Dataset excerpts
· · · · ·
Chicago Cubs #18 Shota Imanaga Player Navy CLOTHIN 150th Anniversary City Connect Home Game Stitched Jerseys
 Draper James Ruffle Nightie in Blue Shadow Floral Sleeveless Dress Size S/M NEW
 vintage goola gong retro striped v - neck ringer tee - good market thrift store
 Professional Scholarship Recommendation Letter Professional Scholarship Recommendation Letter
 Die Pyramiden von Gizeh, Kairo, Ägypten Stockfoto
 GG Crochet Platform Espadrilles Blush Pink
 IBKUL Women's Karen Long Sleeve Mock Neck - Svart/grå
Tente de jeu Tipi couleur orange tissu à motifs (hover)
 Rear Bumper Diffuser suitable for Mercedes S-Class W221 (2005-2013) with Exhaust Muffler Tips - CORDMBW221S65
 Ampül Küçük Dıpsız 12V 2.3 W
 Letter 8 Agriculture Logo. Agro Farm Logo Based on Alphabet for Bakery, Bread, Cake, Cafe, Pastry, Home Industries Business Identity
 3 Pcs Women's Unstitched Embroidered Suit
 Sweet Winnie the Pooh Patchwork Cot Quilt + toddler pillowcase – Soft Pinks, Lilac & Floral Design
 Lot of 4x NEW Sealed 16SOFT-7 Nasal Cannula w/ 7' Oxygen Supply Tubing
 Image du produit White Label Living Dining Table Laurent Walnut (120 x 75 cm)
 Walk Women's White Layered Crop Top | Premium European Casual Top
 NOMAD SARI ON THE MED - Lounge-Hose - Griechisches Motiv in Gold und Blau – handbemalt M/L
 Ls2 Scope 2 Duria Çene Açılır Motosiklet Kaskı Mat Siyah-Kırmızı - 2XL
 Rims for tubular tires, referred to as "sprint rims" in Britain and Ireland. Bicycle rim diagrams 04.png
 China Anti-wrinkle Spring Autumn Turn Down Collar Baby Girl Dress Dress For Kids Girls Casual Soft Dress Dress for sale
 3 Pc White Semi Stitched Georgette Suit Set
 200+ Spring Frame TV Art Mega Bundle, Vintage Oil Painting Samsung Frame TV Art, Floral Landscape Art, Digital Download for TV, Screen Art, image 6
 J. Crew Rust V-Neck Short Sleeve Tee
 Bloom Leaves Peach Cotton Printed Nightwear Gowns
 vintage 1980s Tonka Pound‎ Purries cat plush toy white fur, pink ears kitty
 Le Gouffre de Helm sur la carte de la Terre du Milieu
· · · · ·
The task
Looking at the data above, return every line from the one with "Letter 8 Agriculture" down to the one with "3 Pc White Semi Stitched Georgette Suit Set", exactly and inclusively.

Worked solution
 Letter 8 Agriculture Logo. Agro Farm Logo Based on Alphabet for Bakery, Bread, Cake, Cafe, Pastry, Home Industries Business Identity
 3 Pcs Women's Unstitched Embroidered Suit
 Sweet Winnie the Pooh Patchwork Cot Quilt + toddler pillowcase – Soft Pinks, Lilac & Floral Design
 Lot of 4x NEW Sealed 16SOFT-7 Nasal Cannula w/ 7' Oxygen Supply Tubing
 Image du produit White Label Living Dining Table Laurent Walnut (120 x 75 cm)
 Walk Women's White Layered Crop Top | Premium European Casual Top
 NOMAD SARI ON THE MED - Lounge-Hose - Griechisches Motiv in Gold und Blau – handbemalt M/L
 Ls2 Scope 2 Duria Çene Açılır Motosiklet Kaskı Mat Siyah-Kırmızı - 2XL
 Rims for tubular tires, referred to as "sprint rims" in Britain and Ireland. Bicycle rim diagrams 04.png
 China Anti-wrinkle Spring Autumn Turn Down Collar Baby Girl Dress Dress For Kids Girls Casual Soft Dress Dress for sale
 3 Pc White Semi Stitched Georgette Suit Set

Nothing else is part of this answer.